Transcribe all of the data exactly. Omit the pictures.

Captioned web image data:
:::::

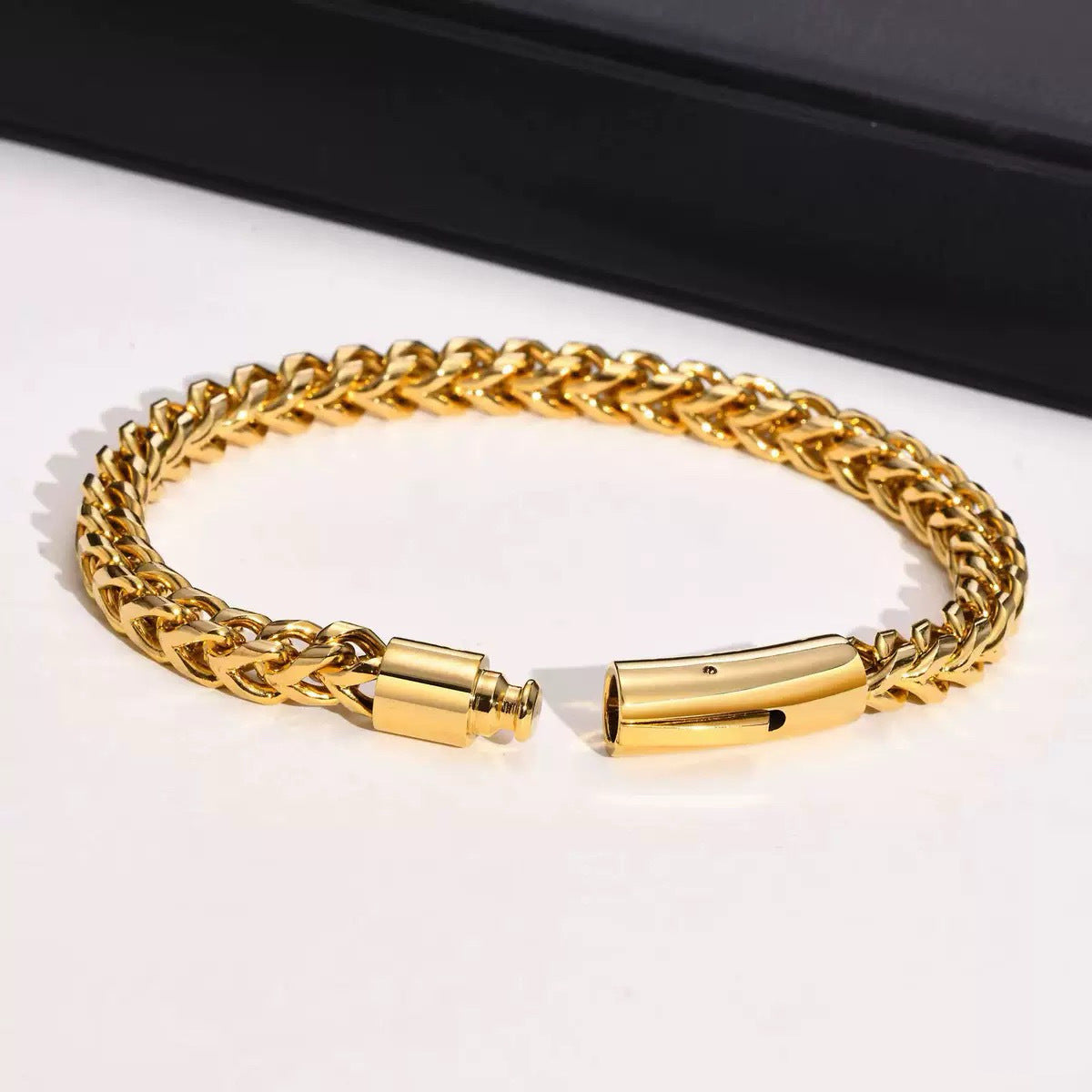 Stainless Steel Mens Bracelet Planderful Everyday Genie Spring Snap Front Back Chain
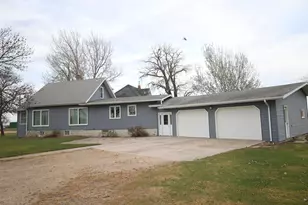 106 Galchutt St, Galchutt, ND 58075 - Photo 2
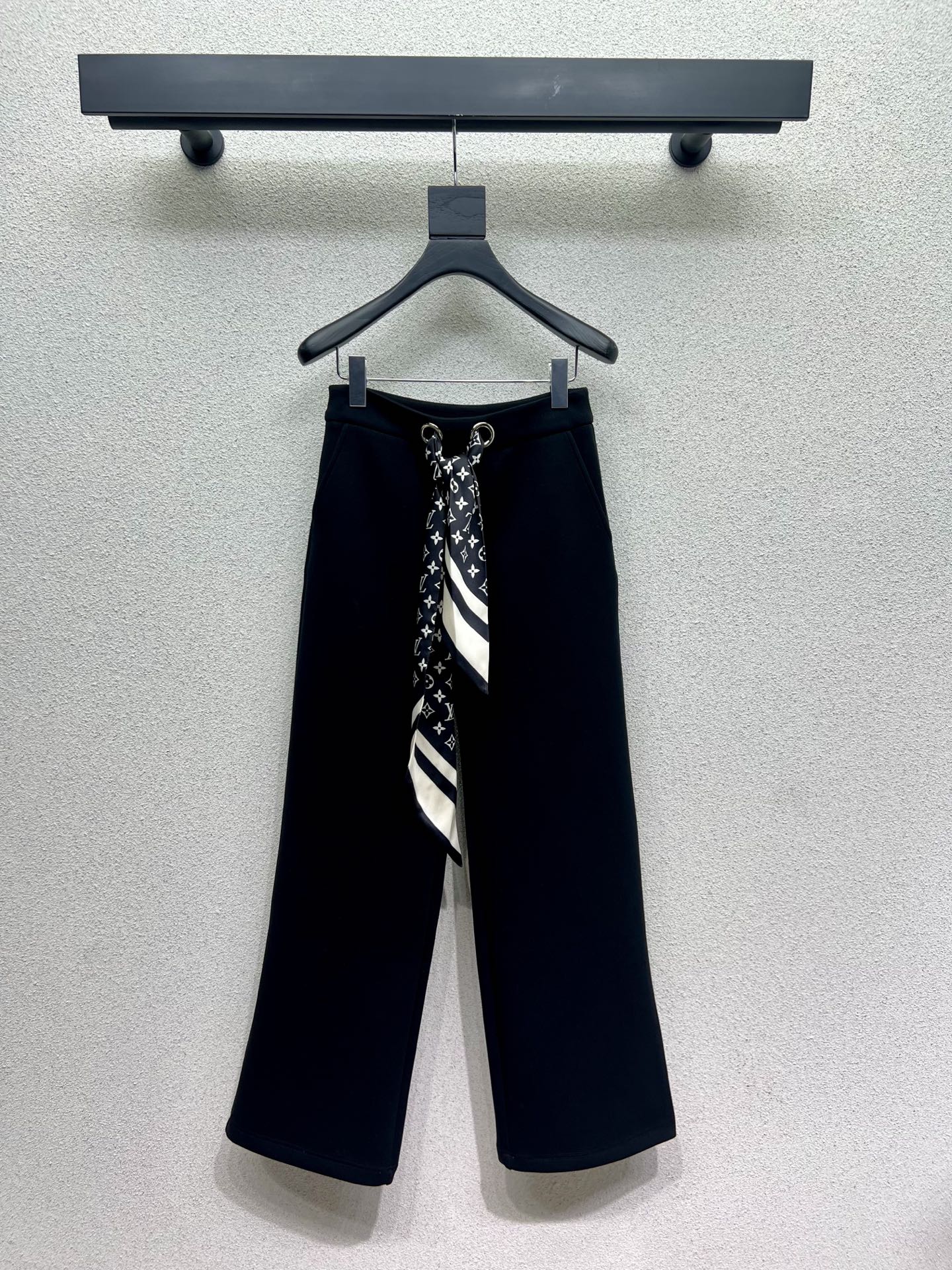 Louis 25fw  scarf tracksuit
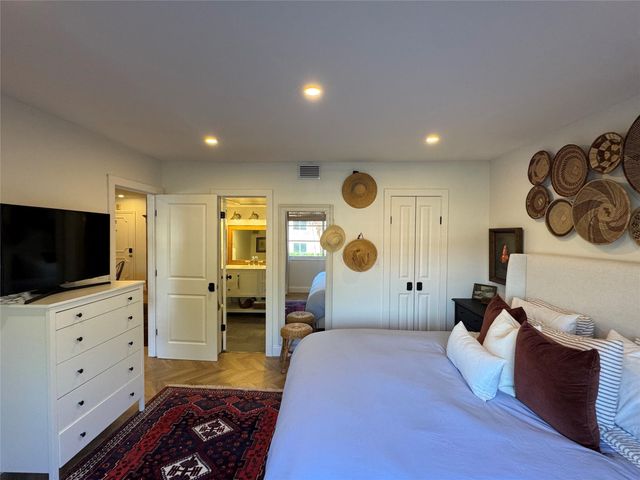 9 NE 19th Court 211C, Wilton Manors, FL 33305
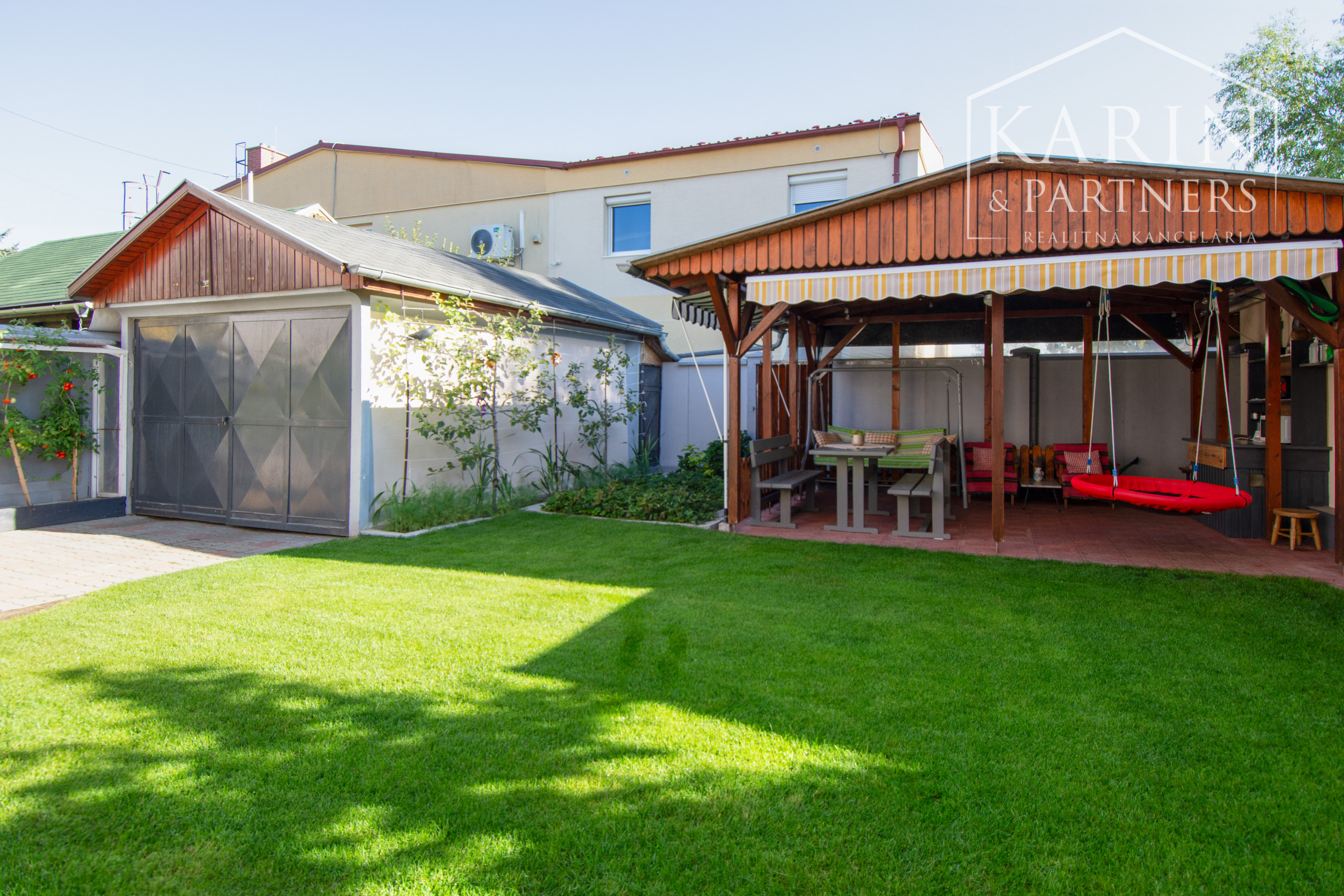 Na predaj krásny a priestranný  rodinný dom, Šamorín-Mliečno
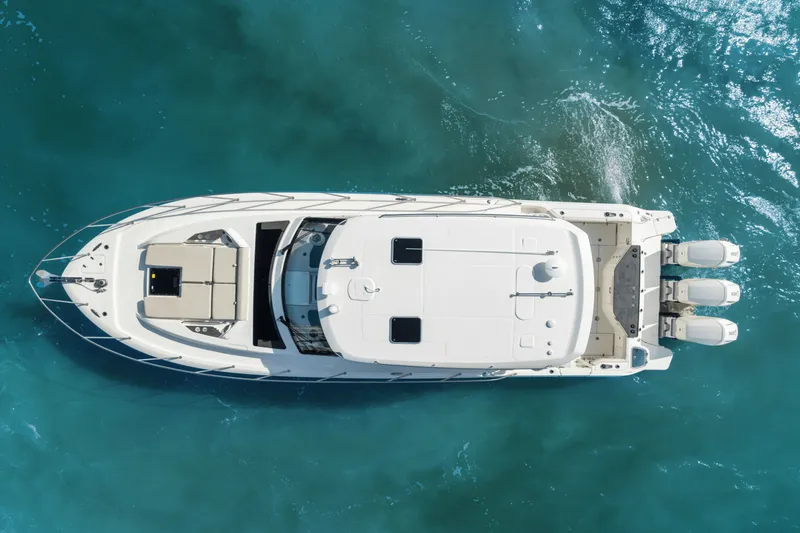 Slide: The Image of Boston Whaler 405 CONQUEST 2022 - 19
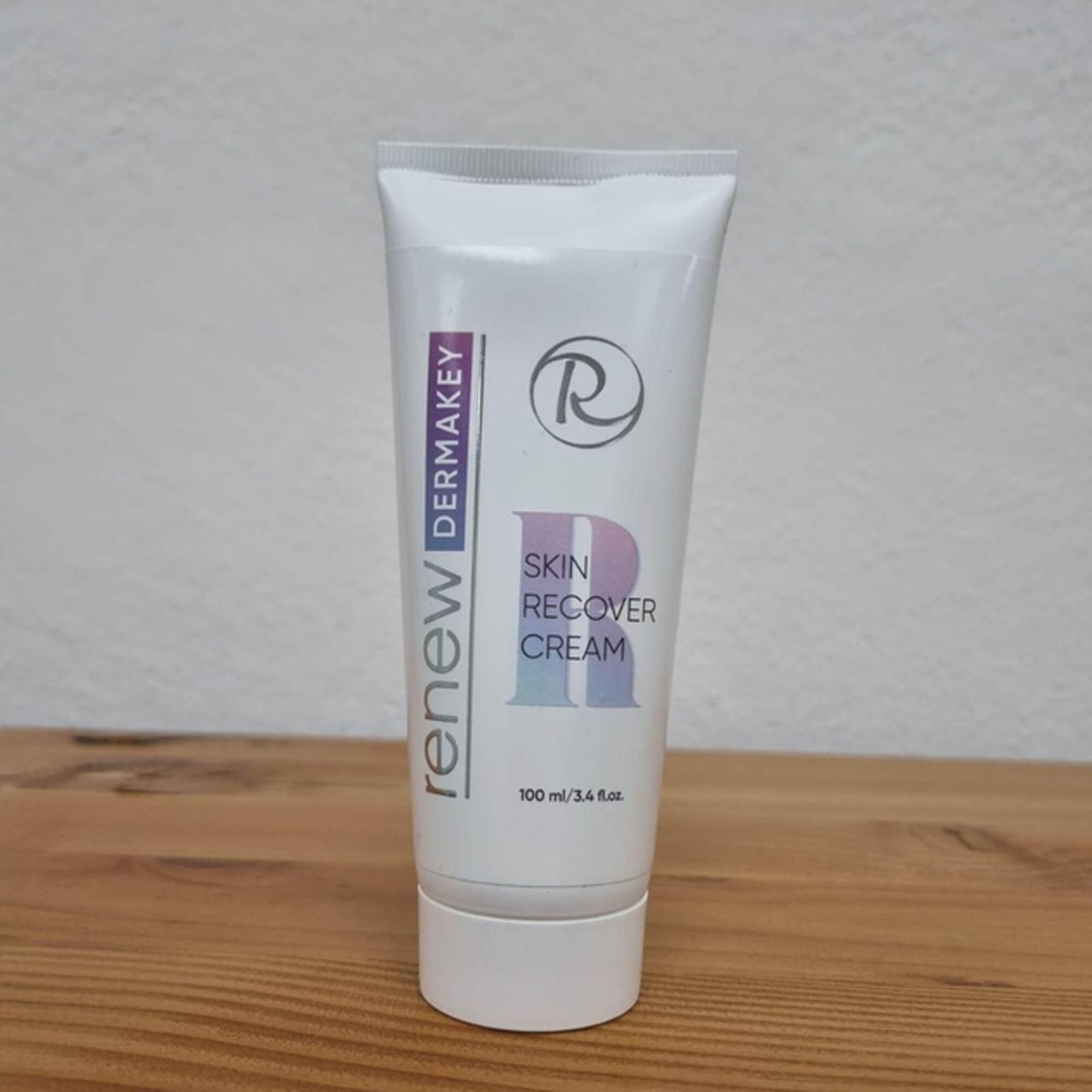 Відновлювальний живильний крем для всіх типів шкіри Renew Skin Recover Cream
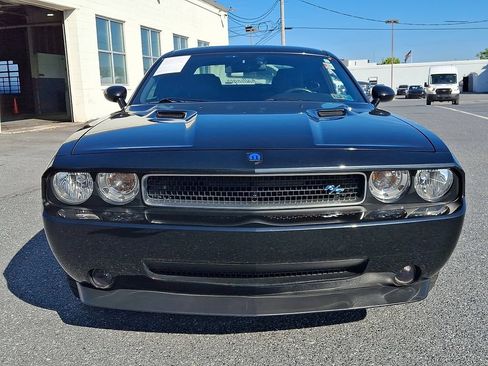Used 2010 Dodge Challenger R/T RWD image 2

:::::

Output for this task:
 Stainless Steel Mens Bracelet Planderful Everyday Genie Spring Snap Front Back Chain
 106 Galchutt St, Galchutt, ND 58075 - Photo 2
 Louis 25fw  scarf tracksuit
 9 NE 19th Court 211C, Wilton Manors, FL 33305
 Na predaj krásny a priestranný  rodinný dom, Šamorín-Mliečno
 Slide: The Image of Boston Whaler 405 CONQUEST 2022 - 19
 Відновлювальний живильний крем для всіх типів шкіри Renew Skin Recover Cream
Used 2010 Dodge Challenger R/T RWD image 2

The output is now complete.